Ces quelques indications étaient les seules éléments connus sur celui qui est le point focal de la lignée française, tout comme son frère Emmanuel est celui de la branche restée en Belgique.
Une étude assez récente, visant à étudier les circuits de migration vers le port d'Anvers durant la période 1760-1860, apporte une nouvelle pierre pour nous aider à mieux cerner ce personnage. Son nom y apparait très explicitement dans une petite phrase.
WINTER Anne (2009)1 : Migrants and Urban Change : Newcomers to Antwerp, 1760-1860 ; Pickering and Chatto Publishers, 318 pages
p. 277: .....All but one of the thirteen plafonneurs recorded in 1829, in turn, stayed either with Jean Parfonry, innkeeper from Bas-Helecine or the widowed labourer Aldegonda Sergeant from Jurbise2.

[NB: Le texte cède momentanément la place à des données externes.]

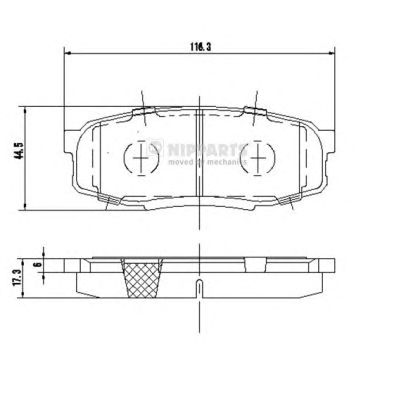 NIPPARTS n3612043 -  Комплект тормозных колодок, дисковый тормоз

Comme toujours, dans ce genre de découverte, l'important est de faire parler ces quelques mots retrouvés et noyés dans les explications abondantes accumulées dans un document mélangeant dans son approche les aspects historiques, socio-économiques et sociologiques. De ce court extrait, on en retient cinq éléments essentiels :
1. Les quelques informations collectées sur Jean Parfonry émanent très certainement de l'une des 20 000 fiches de cartes de résidence3 de tous les migrants, rassemblées dès le début de la période française (1795-1814). L'évolution croissante des flux migratoires pendant cette période est manifeste. Cette base de données, dont le recensement a été poursuivi pendant l'occupation hollandaise (1815-1830), est l'élément fondamental sur lequel sont basées les analyses effectuées par Anne Winter dans sa publication ;
2. L'année 1829 est conforme à ce qu'on l'on connaissait sur la présence de Jean à Anvers. Cette date est en soi une sorte d'assurance pour attester qu'Alexis, le frère cadet de François-Xavier, qui le suivra à Paris plus tard, est bien né à Anvers en 1828. Le bombardement d'Anvers en octobre 1830 par les troupes hollandaises a détruit beaucoup de documents, rendant très aléatoire d'en découvrir son acte de naissance4 ;
3. La référence à Bas-Hélécine et non à Neerheylissem5 ne donne aucune assurance sur le fait que Jean Parfonry soit arrivé pendant la période française, soit avant 1815. Ce terme était déjà repris sur son acte de naissance, étant né en l'an 6 de la République (1797) pendant cette période. Ayant du effectuer son service militaire à Anvers, il y a par contre de fortes probabilités qu'il soit arrivé assez tôt, prabablement vers cette date de 1815, à l'âge de 18 ans.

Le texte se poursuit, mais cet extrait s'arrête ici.